Obtaining the service of a qualified law enforcement officer and joining hands with the Director General of Health Services and the Public Health Inspectors are among strategies that the Sri Lanka Anti Doping Agency is going to employ to fight the use of prohibited drugs in the sports field.
Dr. Seevali Jayawickreme, Director General SLADA expressed these views in an interview with The Island as his agency marked its seventh anniversary on Sunday (15).
There is wide belief that sportsmen both professional and nonprofessional are being introduced to performance enhancing drugs at private gyms but perpetrators often go scot-free for the want of a proper system to monitor unauthorized supplement use.

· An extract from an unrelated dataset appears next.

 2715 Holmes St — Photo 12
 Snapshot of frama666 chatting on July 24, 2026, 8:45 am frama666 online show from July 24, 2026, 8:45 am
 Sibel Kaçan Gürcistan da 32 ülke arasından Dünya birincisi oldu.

“Director General of Health Services has more powers than us in dealing with issues pertaining to substances that are available in the market. So we are going to have a MOU signed with the Director General of Health and get the services of PHIs to work hand in hand with us to tackle the problem,” said Jayawickreme.

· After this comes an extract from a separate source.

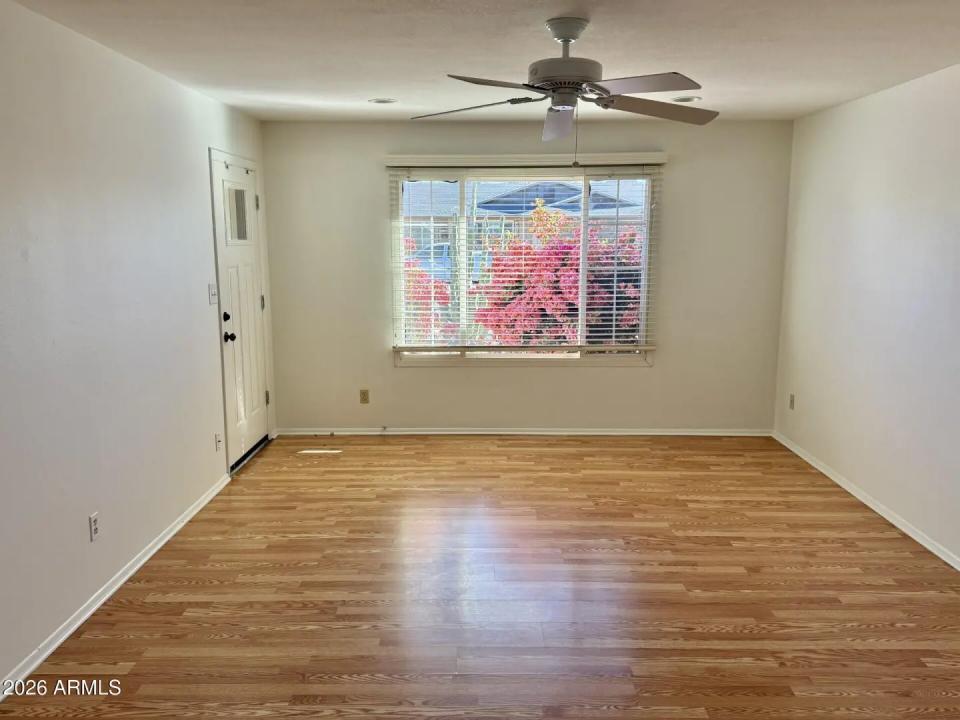 Real Estate Picture 7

There have been several high profile athletes who have been found positive for banned substances during the past few years. Though bans and provisional suspensions have been imposed on athletes the real perpetrators have not been brought to justice.
“Up until now no athlete found positive for banned substances has divulged the source from which he or she had obtained the banned substance. For three years we have been trying to fill one of the key posts which had remained vacant in our carder, the post of Director Implementation and Enforcement. There is an Assistant Director post as well. We are going to get the service of a law enforcement officer to fill this post soon. The three ‘I’ s. That is information, inelegance and investigation issues will then be addressed by him.”
Jayawickreme said introducing a study on anti doping to the subject of physical education in schools curricular and vocational institutes was also in the pipeline. “We are having discussions with the National Institute of Education to include a study on anti-doping into the school curriculum. As a first step we are going to propose to include them in the grade 6, 7, 8, 9, 10 and O/L classes. We hope to have them by 2022.”
SLADA’s actions too have been hampered by the Covid 19 pandemic, with the anti doping officials conducting fewer tests this year but Jayawickreme said that his institute had conducted awareness programmes when they were possible.